On the street where I grew up, between the McKeans’ driveway and the Garnsey’s, there was a green box – about three feet high, four feet across, and made of metal. I don’t know what it housed – electrical wiring, telephone circuitry, the secrets of the universe…
What I remember about it is how it felt to hop on top of it, how the metal, warmed by the sun, felt good under my legs. I remember how I wanted to lie back and let my feet dangle but it wasn’t quite big enough for that. I’d have had to lie diagonally which was usually impossible since I was rarely the only kid there. On our suburban street filled with children, the green box (ugly, innocuous, utilitarian) was the unofficial, unspoken, universally agreed upon, hub of everything.
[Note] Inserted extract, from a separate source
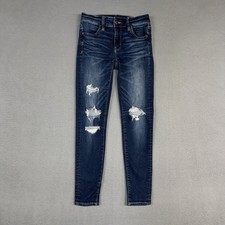 American Eagle Jeans Womens 0 Short Blue Jegging Stretch Distressed Denim Preppy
On and around the green box, the business of being a child was conducted. We jockeyed for position, figuratively and physically. Only three or four kids at a time could sit on the box, the rest milled about waiting for an opening, sitting on the ground, or on the sidewalk, lawn sprinkler water flowing down the gutter over our bare feet. On the green box, we chose teams, bragged, gossiped, made room for our best friends so we could whisper in their ear. We fell into and out of childhood crushes, dreamed of being elsewhere even as we clung to the security of the world we knew. To each other.
Writing a piece recently about my childhood, I remembered the green box, and it was one of those cellular memories, the kind that resides in your body as much as your mind; you touch it and everything glows; you feel it in your limbs, in the relaxing of your shoulders, in the smile that wells up from somewhere deep inside. I emailed some friends I’ve kept in touch with (or found again after years). I asked them something that never even occurred to me to wonder about when I was little. “What the hell was in that green box, anyway?” I wrote.
They answered. Everyone I emailed answered. They wrote words that touched me, tickled memories, made me feel wistful and happy and sad and fortunate. They waxed poetic and nostalgic and I could tell they were as full of memories as I was.
Not one of them knew what was inside the green box.
It’s still there! I told my husband about the green box and he got curious. He looked it up on Google maps and took this screen shot. It looks so tiny, even uglier and more utilitarian than I remember. And somehow, that makes my memories of it even better.